_Work instructions_
Full transcription, minus images: write out the listing below exactly as it appears.

_Given records_

◇ ◇ ◇ ◇ ◇ ◇ ◇

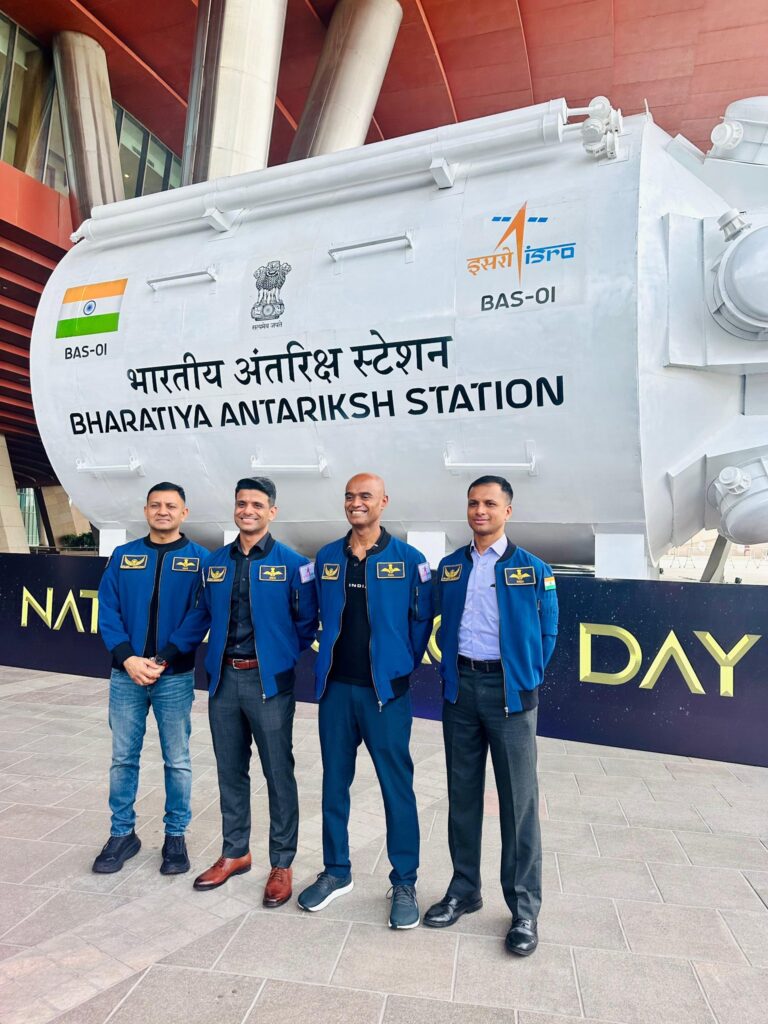 राष्ट्रीय स्पेस डे: ISRO का भारतीय अंतरिक्ष स्टेशन तक का सफर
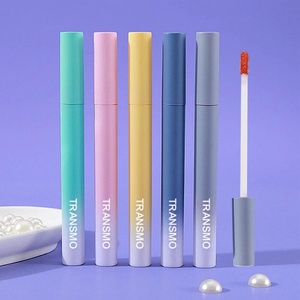 Tubes de gloss à lèvres longs de 2 ml, tubes en plastique minces noirs vides pour gloss à lèvres - Product Image 1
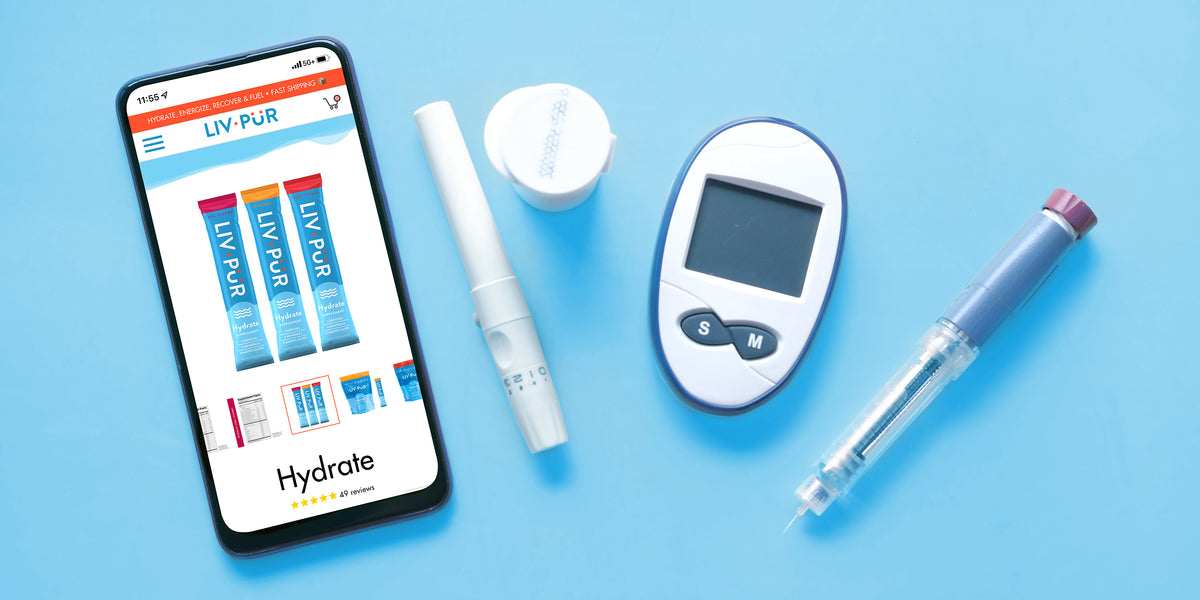Hydration Solution for Type 1 Diabetics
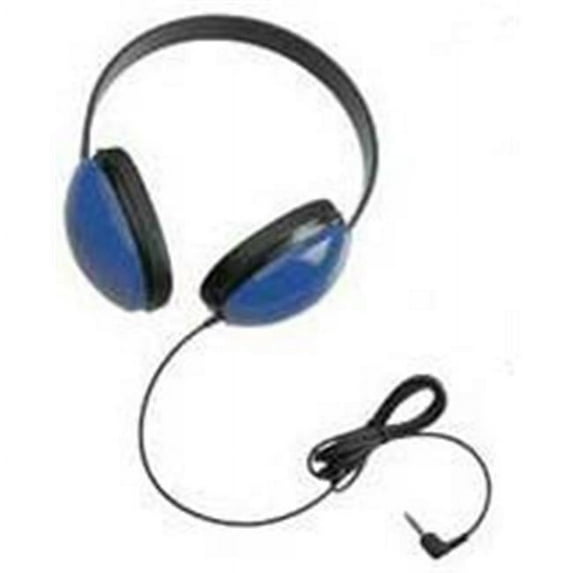International  Listening First Stereo Headphones - Blue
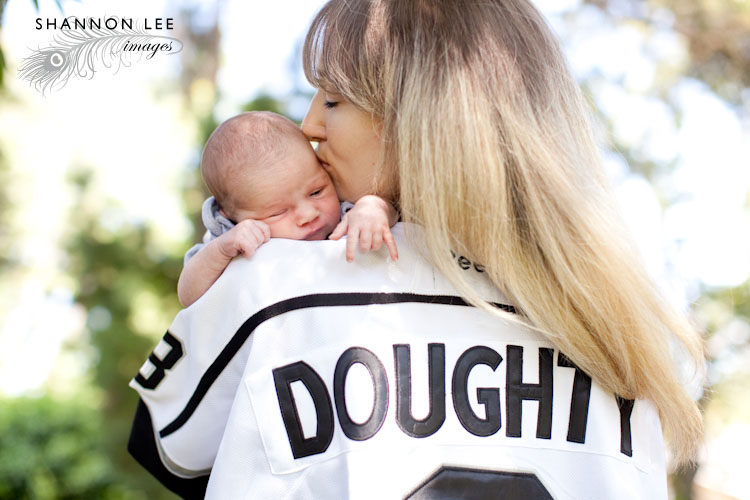 los angeles kings doughty newborn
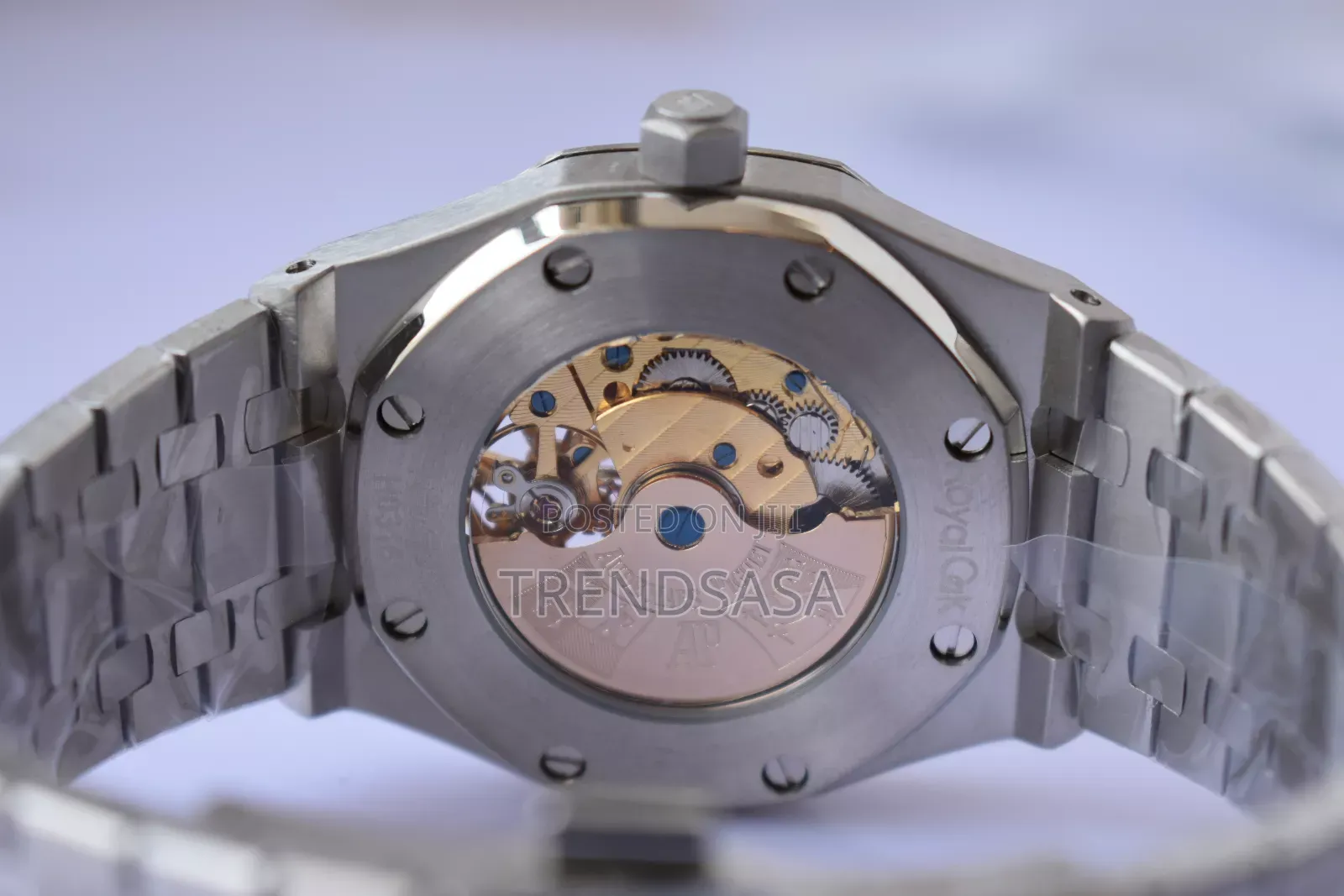 Audemars Piguet Royal Oak Iced Green Stones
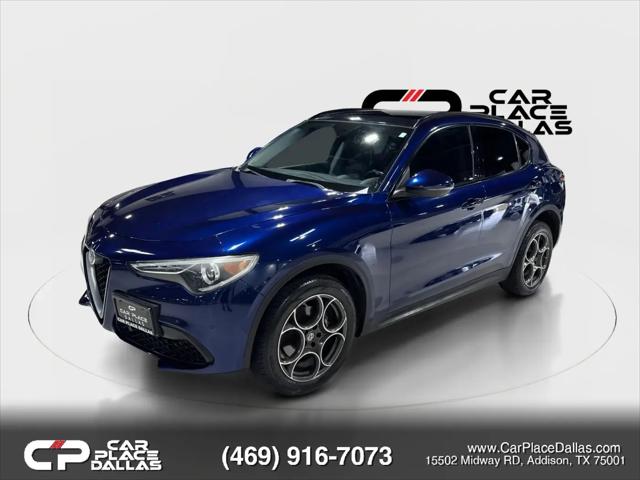 2018 Alfa Romeo Stelvio Sport AWD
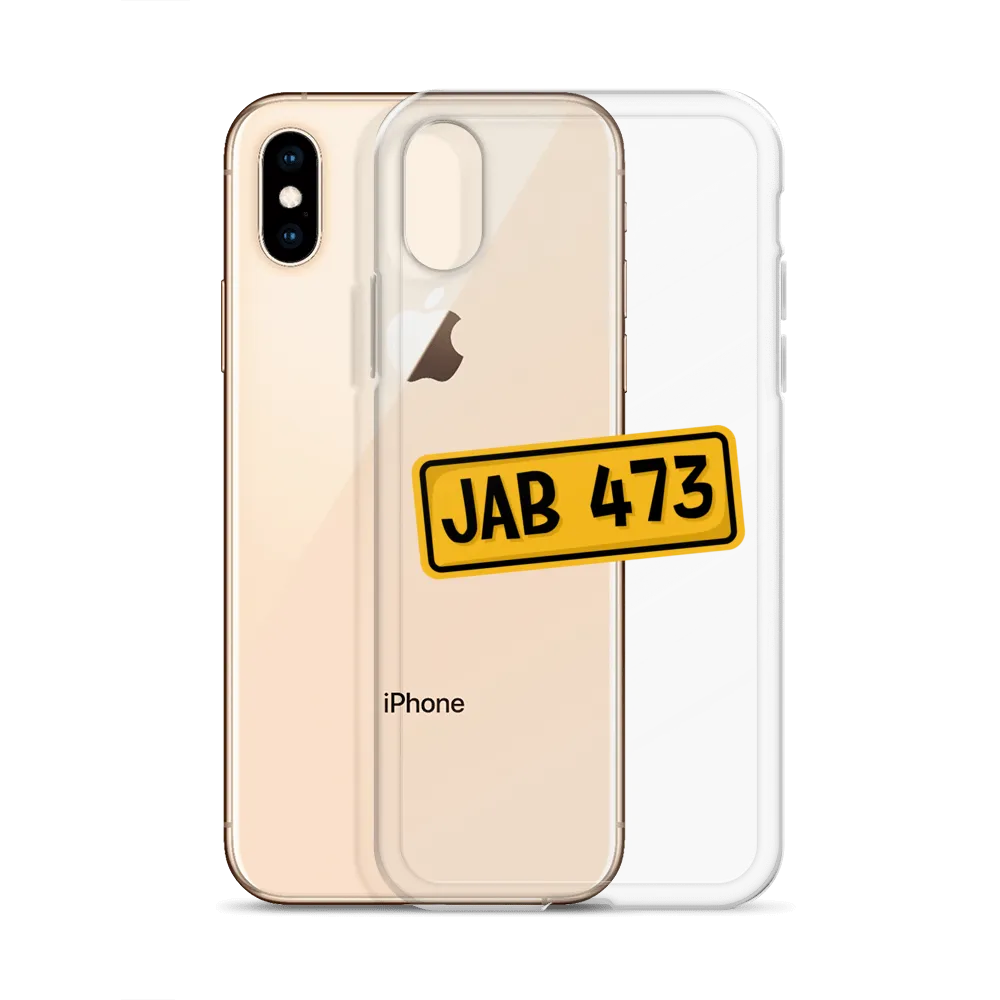 JAB 473 iPhone Case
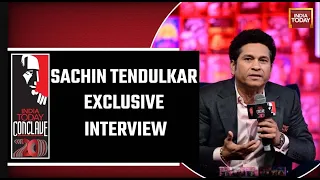 Personal Diary Of An Icon: Sachin Tendulkar Exclusive Interview At India Today Conclave 2023
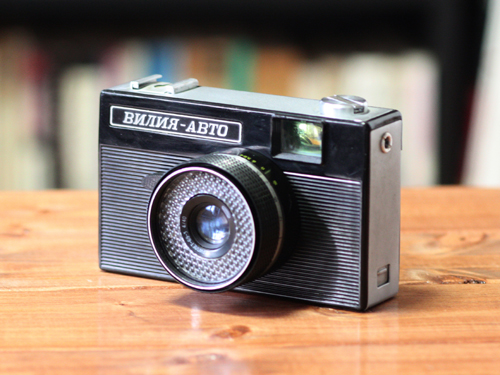 ギャップが魅力、ロシアのフィルムカメラ | コノママ2019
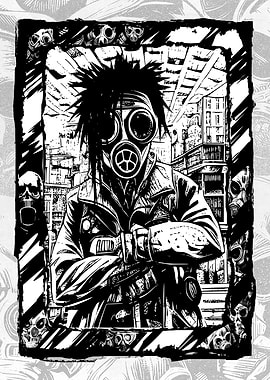 Punk Gasmask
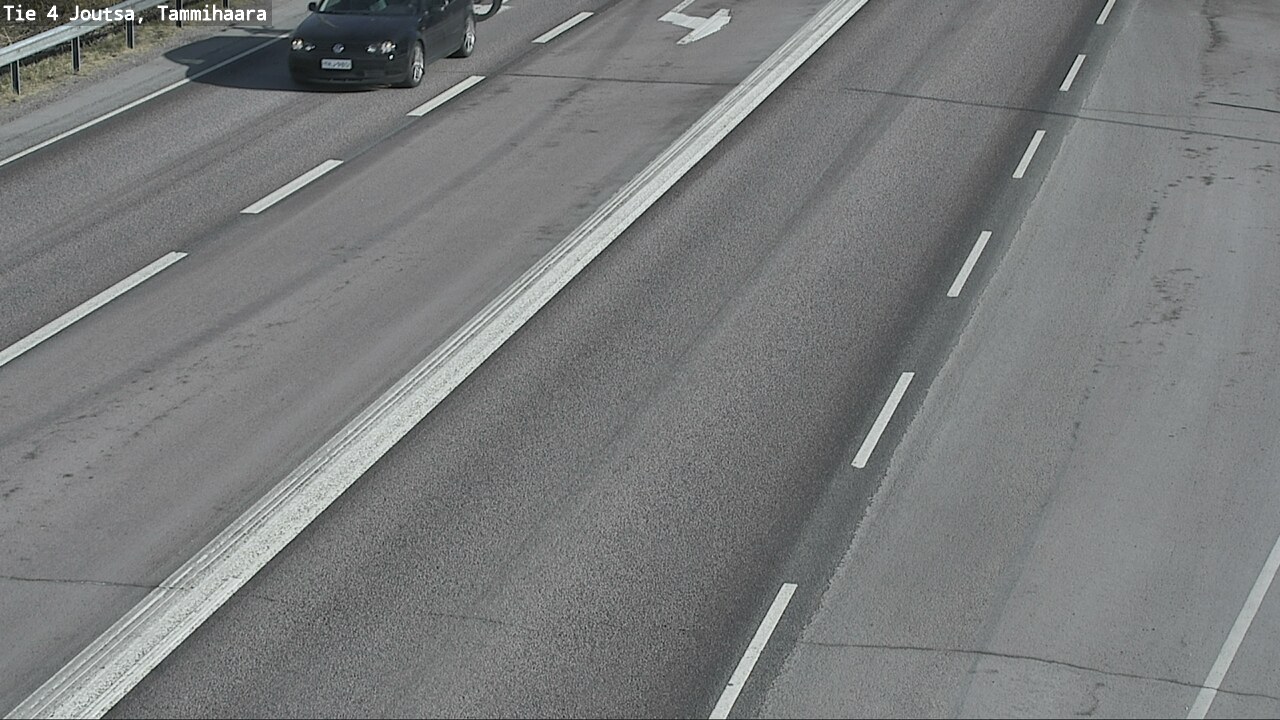 Weather Camera Image Väg 4 Joutsa, Tammilahti, Joutsa, Keski-Suomi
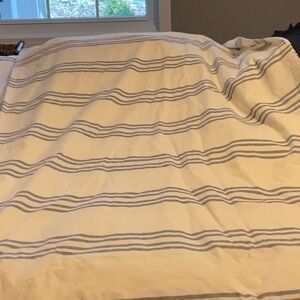 Pottery Barn Teen twin duvet cover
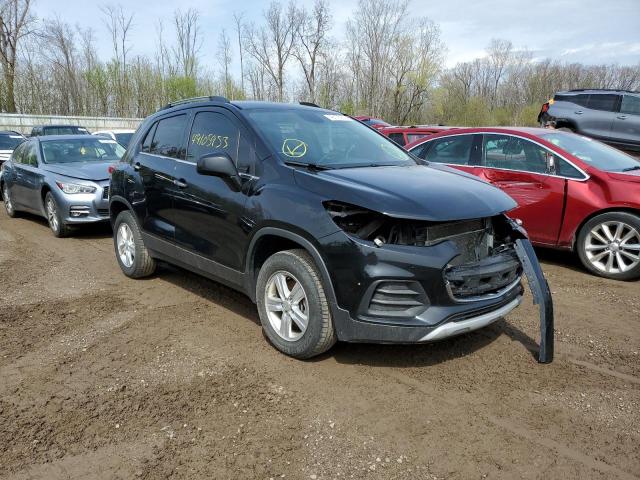 Photo 4 from auction – 2018 CHEVROLET TRAX 1LT with VIN 3GNCJPSB0JL301848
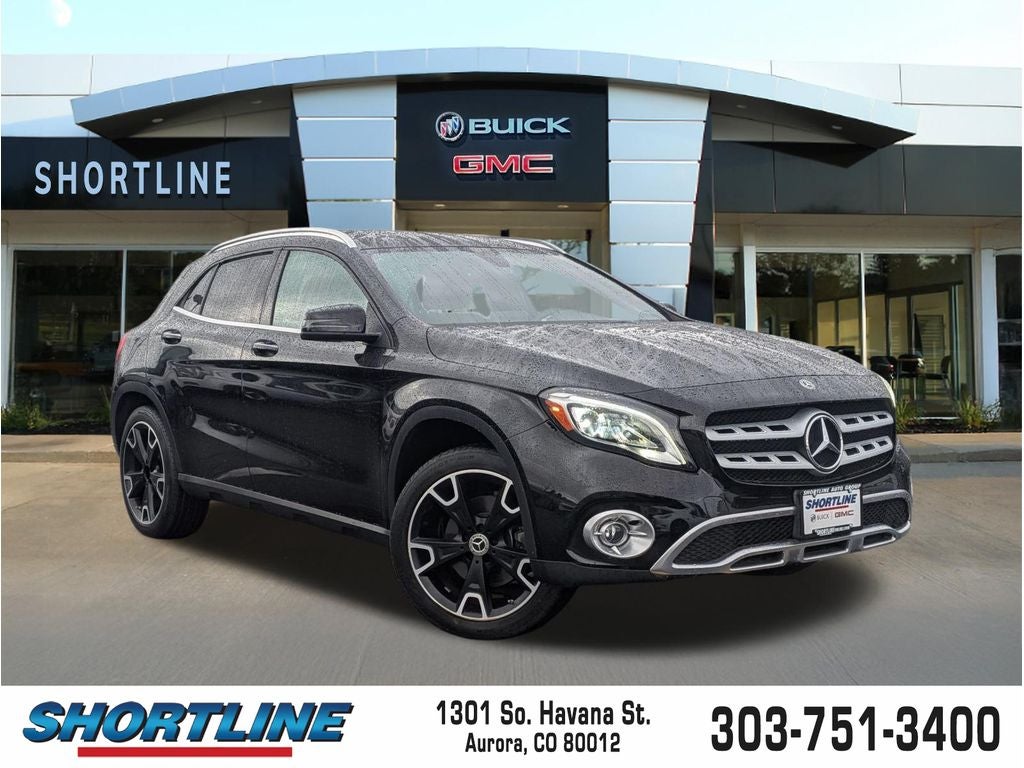 2020 Mercedes-Benz GLA 250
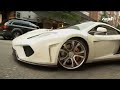Arabs take London by storm in their Luxury cars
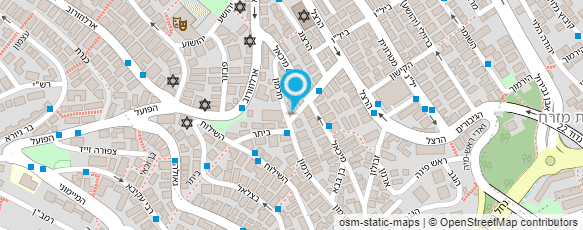 מפת הגעה אל מיסגורית 89 בע"מ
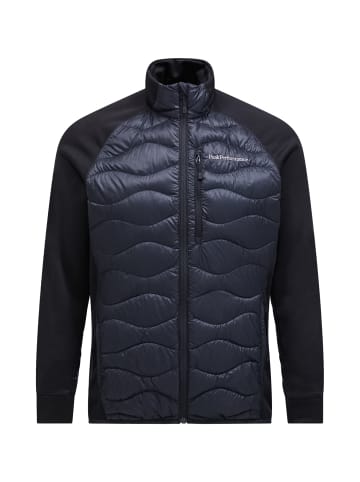 Peak Performance Funktionsjacke M Helium Down Hybrid Jacket in SCHWARZ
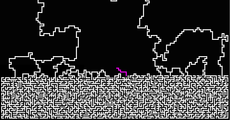 Wilson's algorithm by mbostock, with quicker-completion starting ...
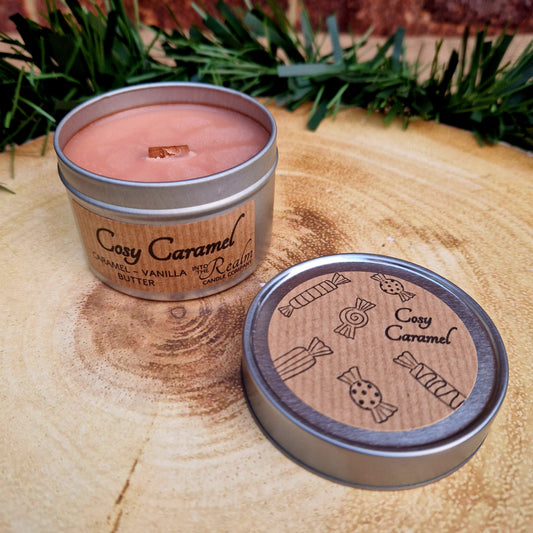 Cosy Caramel Crackling Tin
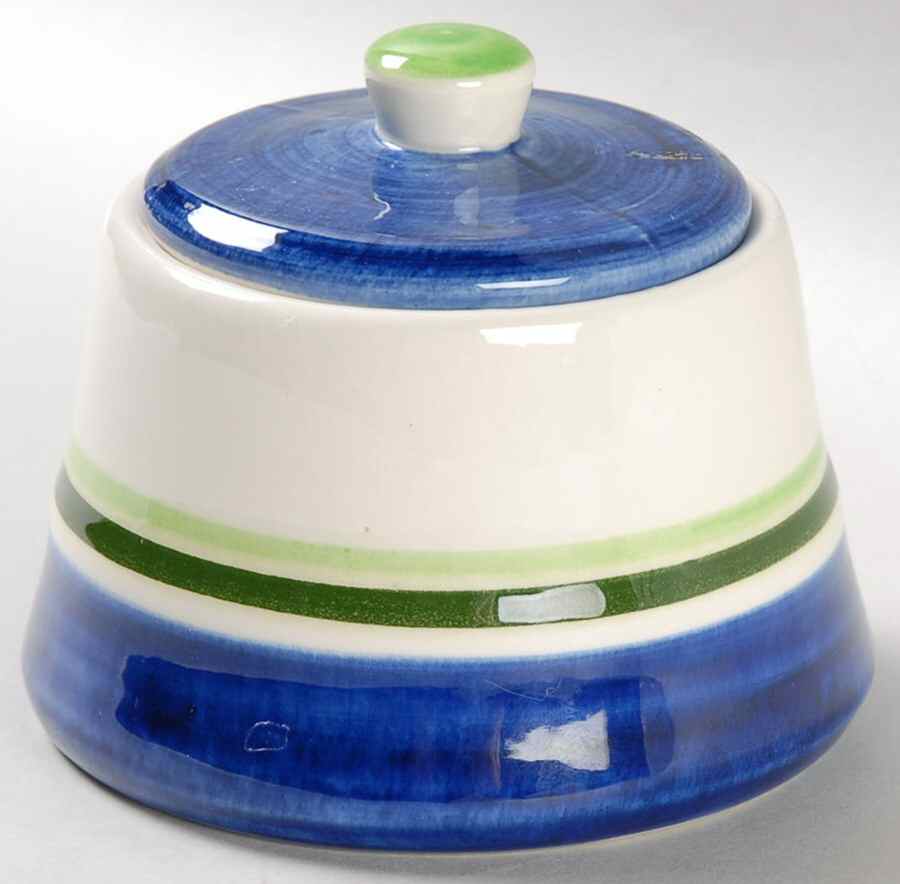 Grape Sugar Bowl & Lid by Stangl-1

◇ ◇ ◇ ◇ ◇ ◇ ◇

_Solution for this task_
 राष्ट्रीय स्पेस डे: ISRO का भारतीय अंतरिक्ष स्टेशन तक का सफर
 Tubes de gloss à lèvres longs de 2 ml, tubes en plastique minces noirs vides pour gloss à lèvres - Product Image 1
Hydration Solution for Type 1 Diabetics
International  Listening First Stereo Headphones - Blue
 los angeles kings doughty newborn
 Audemars Piguet Royal Oak Iced Green Stones
 2018 Alfa Romeo Stelvio Sport AWD
 JAB 473 iPhone Case
 Personal Diary Of An Icon: Sachin Tendulkar Exclusive Interview At India Today Conclave 2023
 ギャップが魅力、ロシアのフィルムカメラ | コノママ2019
 Punk Gasmask
 Weather Camera Image Väg 4 Joutsa, Tammilahti, Joutsa, Keski-Suomi
 Pottery Barn Teen twin duvet cover
 Photo 4 from auction – 2018 CHEVROLET TRAX 1LT with VIN 3GNCJPSB0JL301848
 2020 Mercedes-Benz GLA 250
Arabs take London by storm in their Luxury cars
 מפת הגעה אל מיסגורית 89 בע"מ
 Peak Performance Funktionsjacke M Helium Down Hybrid Jacket in SCHWARZ
 Wilson's algorithm by mbostock, with quicker-completion starting ...
 Cosy Caramel Crackling Tin
 Grape Sugar Bowl & Lid by Stangl-1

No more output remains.